TASK DESCRIPTION: Each line of the listing below, from the very first to the one that contains "Kit Violão Harmonics", is to be retyped exactly as it stands.

____________________

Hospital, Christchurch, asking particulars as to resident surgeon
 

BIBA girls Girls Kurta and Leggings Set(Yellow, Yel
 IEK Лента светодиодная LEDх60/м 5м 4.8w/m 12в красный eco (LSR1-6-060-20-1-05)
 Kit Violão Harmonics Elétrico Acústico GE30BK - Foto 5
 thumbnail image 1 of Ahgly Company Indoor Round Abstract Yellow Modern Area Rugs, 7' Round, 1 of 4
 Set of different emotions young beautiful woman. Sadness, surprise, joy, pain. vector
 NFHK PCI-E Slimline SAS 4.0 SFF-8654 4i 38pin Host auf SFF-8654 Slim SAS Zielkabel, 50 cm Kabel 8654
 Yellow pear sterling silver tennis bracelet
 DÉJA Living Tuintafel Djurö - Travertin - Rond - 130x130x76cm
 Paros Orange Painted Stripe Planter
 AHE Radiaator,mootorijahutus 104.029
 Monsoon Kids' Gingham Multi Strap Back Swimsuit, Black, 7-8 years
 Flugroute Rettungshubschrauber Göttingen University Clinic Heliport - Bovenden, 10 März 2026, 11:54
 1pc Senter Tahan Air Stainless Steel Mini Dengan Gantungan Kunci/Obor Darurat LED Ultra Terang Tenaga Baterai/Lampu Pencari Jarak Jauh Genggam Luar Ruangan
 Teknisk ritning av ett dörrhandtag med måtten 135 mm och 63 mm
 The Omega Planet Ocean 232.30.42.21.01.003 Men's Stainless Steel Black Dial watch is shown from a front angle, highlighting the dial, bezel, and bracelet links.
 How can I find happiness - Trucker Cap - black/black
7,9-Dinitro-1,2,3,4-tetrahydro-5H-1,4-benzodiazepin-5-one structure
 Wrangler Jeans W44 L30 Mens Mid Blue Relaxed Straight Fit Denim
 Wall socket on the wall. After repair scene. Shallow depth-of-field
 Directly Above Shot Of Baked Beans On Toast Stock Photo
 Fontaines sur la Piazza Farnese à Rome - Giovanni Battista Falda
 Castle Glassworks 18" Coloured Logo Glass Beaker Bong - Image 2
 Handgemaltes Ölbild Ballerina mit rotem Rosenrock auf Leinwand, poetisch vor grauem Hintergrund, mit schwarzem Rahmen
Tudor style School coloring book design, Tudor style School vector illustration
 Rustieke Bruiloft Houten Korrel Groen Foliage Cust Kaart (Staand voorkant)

____________________

OUTPUT:
Hospital, Christchurch, asking particulars as to resident surgeon
 

BIBA girls Girls Kurta and Leggings Set(Yellow, Yel
 IEK Лента светодиодная LEDх60/м 5м 4.8w/m 12в красный eco (LSR1-6-060-20-1-05)
 Kit Violão Harmonics Elétrico Acústico GE30BK - Foto 5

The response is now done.